After six movies and its influence noticeable in every half-witted found footage movie, it’s fair to wonder just how much further the Paranormal Activity franchise can go. Well, according to series creator Oren Peli and producer Jason Blum, not much farther, as they’ve declared the latest installment, Paranormal Activity: The Ghost Dimension, the final entry in the horror series that originated in 2007. There is one final trick up the sleeve of Paranormal Activity – 3D. Yes, the final chapter of this series adds, somewhat, the third dimension so you can see the whirlwind of gimmickry before your very eyes. That being said, Paranormal Activity: The Ghost Dimension will likely please fans of the series while leaving its detractors reaffirmed. The film falls into a number of the traps inherent in the found footage genre yet still is mostly an entertaining movie due to its sense of humor and well-timed creepy jolts with stuff flying at your face.
I’m sure you’re wondering what this movie is about, and you’d be shocked to learn that it’s about a family that’s terrorized in their home by unexplained phenomena. Ryan (Chris J. Murray) lives in a quiet home in Santa Rosa, California with his wife Emily (Brit Shaw) and their young daughter Leila (Ivy George). Staying at their home during the Christmas season are Ryan’s brother Mike (Dan Gill) and Emily’s friend Skyler (Olivia Taylor Dudley). Once Ryan discovers an old video camera and VHS tapes, strange events start happening. Of course, Ryan and everyone else is filming the events otherwise there’d be no movie. Through his research, Ryan learns that his home used to the spot where these mysterious and increasingly creepy home videos took place. But the entity in the house has taken a liking to Leila and the young girl starts acting odder and odder, talking to her invisible friend Toby before bizarre things begin to happen.
Making his directorial debut, Gregory Plotkin strictly adheres to the found footage format that has come to define the Paranormal Activity series, though the many credited writers (screenplay by Jason Pagan, Andrew Deutschman, Adam Robitel, and Gavin Heffernan based on a story by Pagan, Deutschman, and Brantley Aufill) thankfully avoid inserting lines to explain why people are filming at any given time instead of running for their lives.
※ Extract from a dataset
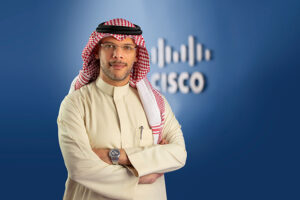 Cisco Reveals Top Cybersecurity Threats Trends ahead of Black Hat MEA in Saudi Arabia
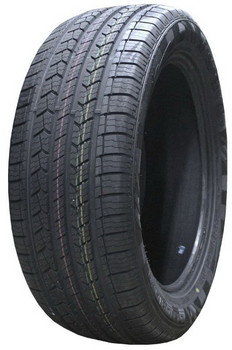 Шина Double Star DS01 215/70R16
Once again, cameras remain static as the house is surveilled by a concerned parent – there’s nothing really interesting or inherently cinematic in this approach – or the cameras flail wildly as the ghosts wreak havoc upon the poor residents of the accursed house. Amazingly, however, Paranormal Activity: The Ghost Dimension makes great use of its 3D gimmickry as specters and household objects suddenly fly towards the screen as the music screeches. It’s not great horror, but it’s an entertaining little jolt. Even to praise the 3D of The Ghost Dimension is also to be forced to admit that you can remove your 3D glasses for approximately 70% of the film’s brief running time.
It’s hard to praise actors in a found footage film because they’re often out of frame while reciting wretched dialogue explaining what would be seeing in a normal movie. None of the actors in The Ghost Dimension embarrass themselves, but the genre confines still dictate that nobody can really stand out too much – Dan Gill could’ve been that standout yet much of his dynamic comedy relief is delivered as a disembodied voice offscreen. I didn’t want to reach across the screen and personally kill any of these characters, so in that one regard it’s definitely a standout from its found footage peers. But their variations on saying “What the fuck?” get tiresome after awhile.
If the marketing for the film were to be believed (and it seldom should), The Ghost Dimension would reveal some new aspects to the Paranormal Activity mythology and take audiences to a place they’ve never been before. This is, at best, a half-truth and the greatest flaw of the film. The story teased of a Satanic cult is much more interesting than another middle class suburban family grappling with the unknown. Throughout the film I wanted more and more information about the nefarious plans and past deeds of these strange past tormentors yet was consistently confronted with conformity. The Ghost Dimension is a film that would’ve played best outside the found footage genre while still employing it. Alas, that’s not this movie.
As someone with no particular affinity for found footage or 3D movies, let alone them combined, Paranormal Activity: The Ghost Dimension left me mildly entertained, a Herculean feat for a found footage movie. If you’re not a fan of the Paranormal Activity movies, there’s nothing in The Ghost Dimension for you. For those who are fans, The Ghost Dimension is a more than adequate closing out for one of horror’s most recent iconic franchises.